__YOUR TASK__:
Make an exact copy of the lines from the one containing "Syfax Partyzelt Faltbar Blau 3x3 m" through the end of the records below, and leave out every picture.

======== DATA FOR REVIEW ========

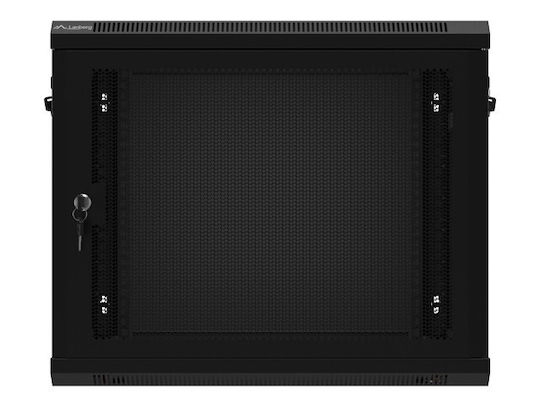 Lanberg Επιτοίχια Καμπίνα Rack 9U Μαύρο WF01-6409-23B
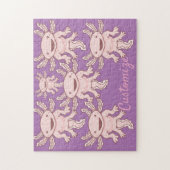 Niedlich rosa Axolotl Thunder_Cove Puzzle (Vertikal)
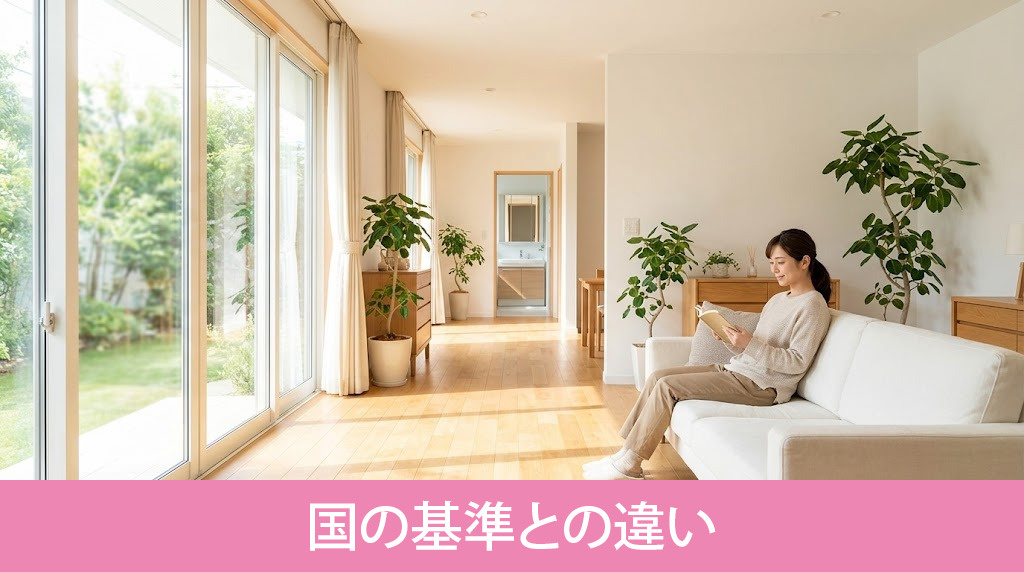 HEAT20の国の基準との違い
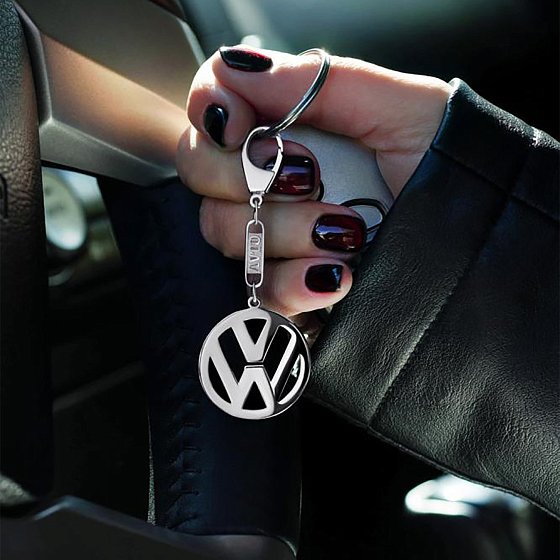 Серебряный брелок для машины "Volkswagen" 9002.1 №3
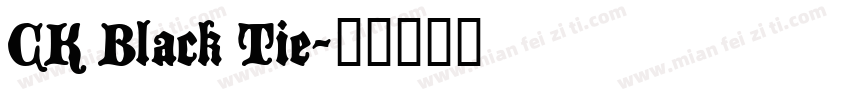 CK Black Tie字体转换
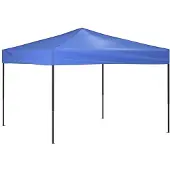 Syfax Partyzelt Faltbar Blau 3x3 m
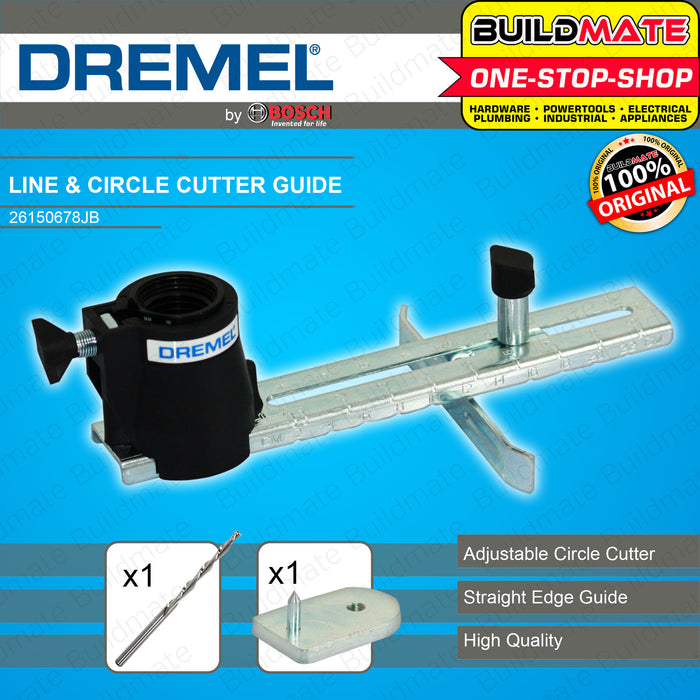 DREMEL by BOSCH ORIGINAL Circle Cutter And Straight Edge Guide 26150678JB •BUILDMATE•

========

__EXERCISE SOLUTION__:
 Syfax Partyzelt Faltbar Blau 3x3 m
 DREMEL by BOSCH ORIGINAL Circle Cutter And Straight Edge Guide 26150678JB •BUILDMATE•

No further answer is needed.